La búsqueda de información, conocimiento y experiencias nuevas constituye la esencia de la curiosidad, atributo de la inteligencia.
Ese afán es también una emoción que nos impulsa a comprender nuevos ámbitos y renueva nuestras certezas sobre nosotros mismos y el entorno. ¿Cuántas veces no hemos comprobado algo que intuíamos o que adivinábamos casi sin saber por qué? Es la curiosidad la respuesta a esa frecuencia de veces.
Vivir con curiosidad es, pues, saludable para la mente ocupada. En este sentido, es el motor de la transformación individual, pues el acervo y utilidad de la comprensión de lo nuevo fortalece la habilidad misma de entender y asimilar en la vida propia lo recién aprendido, al tiempo que nos prepara para el cambio que indefectiblemente llega con los años, solo que ahora tiene un sentido (o varios) y un propósito (así sea seguir aprendiendo). En otras palabras, la curiosidad es la ruta de la madurez intelectual y emocional que naturalmente se alía a la madurez física, de ahí que todo cambio deba ser orientado al camino que se forja con el vivir y el transcurrir del tiempo.

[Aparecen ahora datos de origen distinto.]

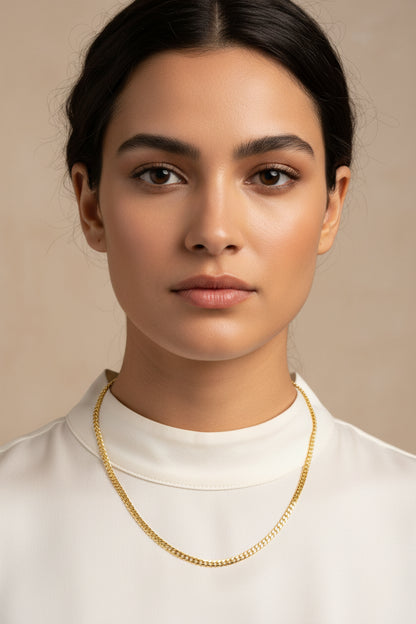 Semi-Solid 14K Yellow Gold 4.5mm Miami Cuban Chain Necklace - Unisex Chain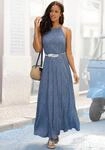 Maxikleid LASCANA "mit Alloverdruck im P&uuml;nktchendesign", Damen, Gr. 36, N-Gr, blau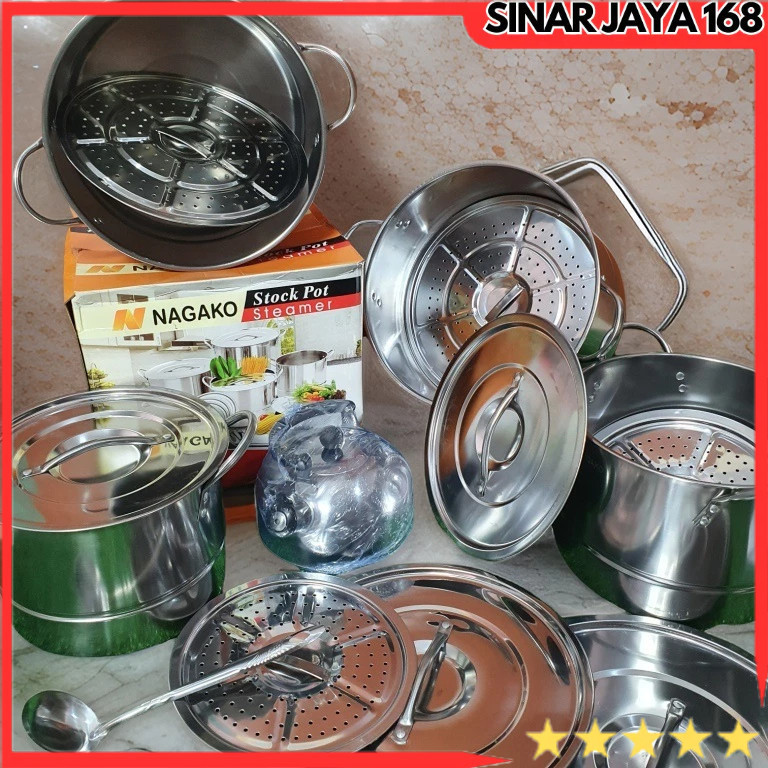 STEAMER STOCK POT + TEKO  - PANCI KUKUS SET 555 INDIA HOMELUX / NAGAKO SSSQ-0001N UB1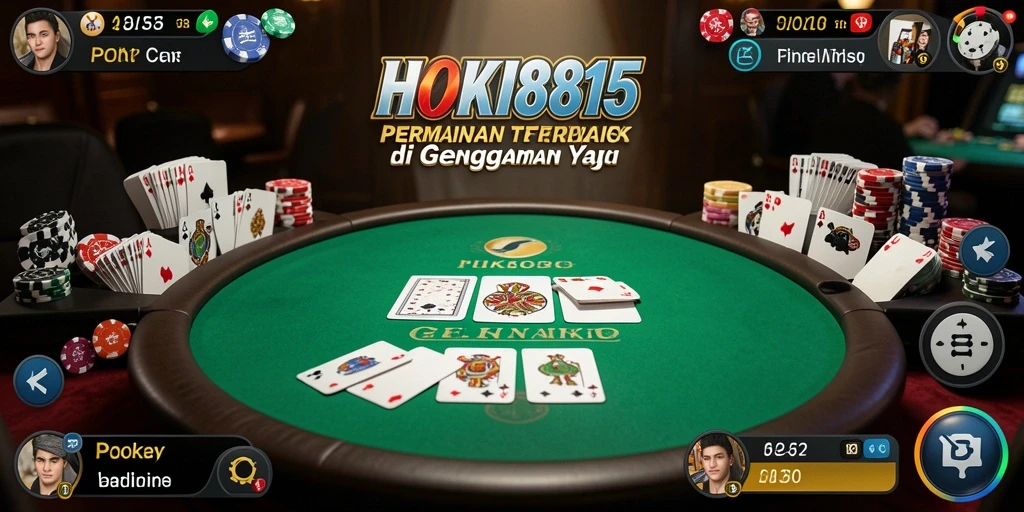 Screenshot gameplay poker HOKI8815 yang mendebarkan dan interaktif.
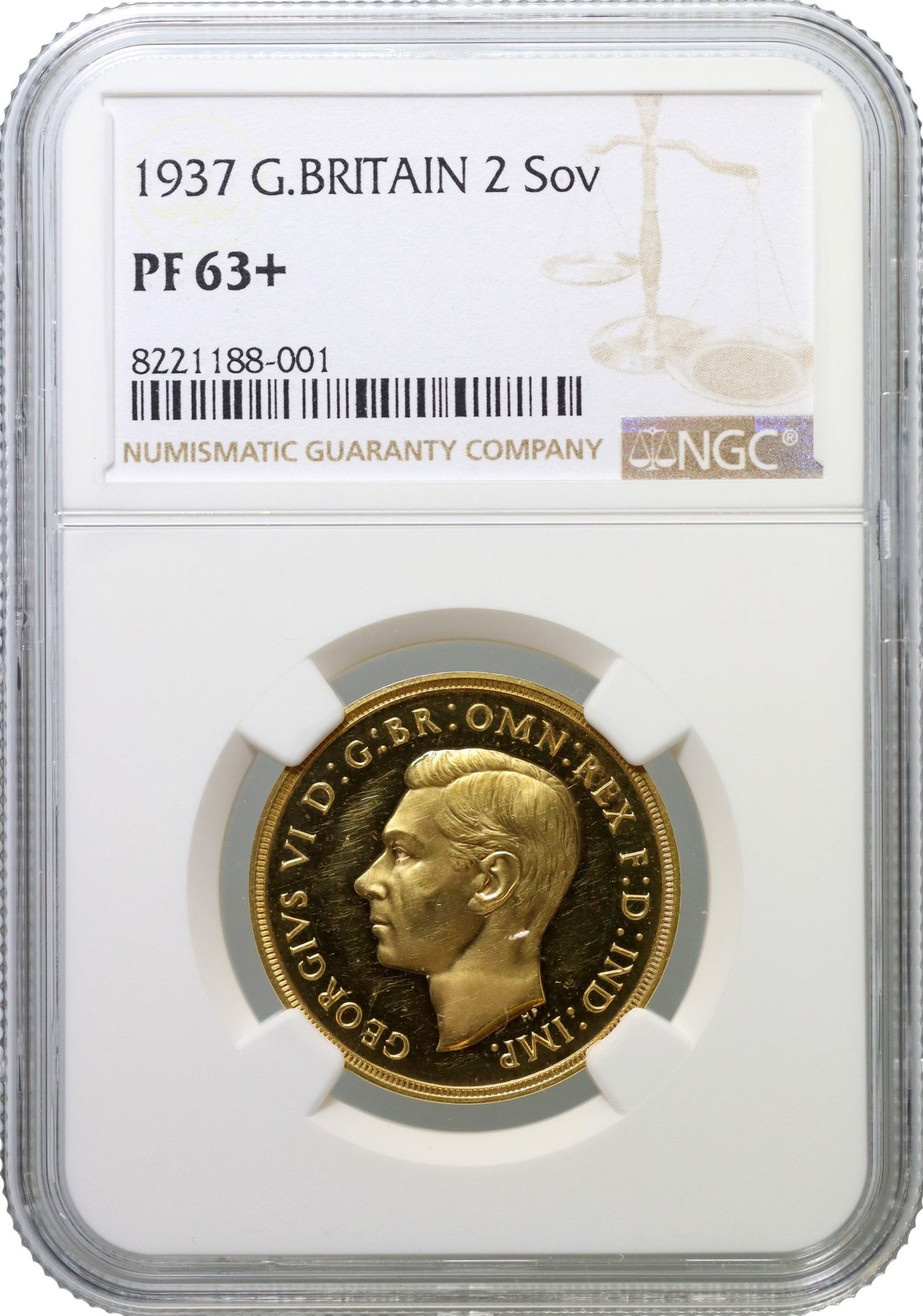 George VI 1937 proof Two-Pounds Coronation issue, NGC PF63+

Sin embargo, es en la infancia donde mayormente se desarrolla la curiosidad; cuando niños, el mundo nos parece una realidad maravillosa, y es normal pensar que todo es magnífico, una sensación que se queda al paso del tiempo fija a los recuerdos; ha pasado que cuando volvemos a un espacio de la niñez, descubrimos que en realidad no es tan magnífico como recordábamos: se debe a que aquel recuerdo tiene consigo la sensación de la primera experiencia, cuando nuestro cuerpo y nuestra mente lo vivieron con la curiosidad de la primera vez.
Si a esa emoción se le une la capacidad analítica de situaciones y hechos, se multiplica. Observar y concluir son la extensión natural de la curiosidad inteligente, de ahí que el mejor cumplido que pueda dársele a alguien es decirle que es curioso(a).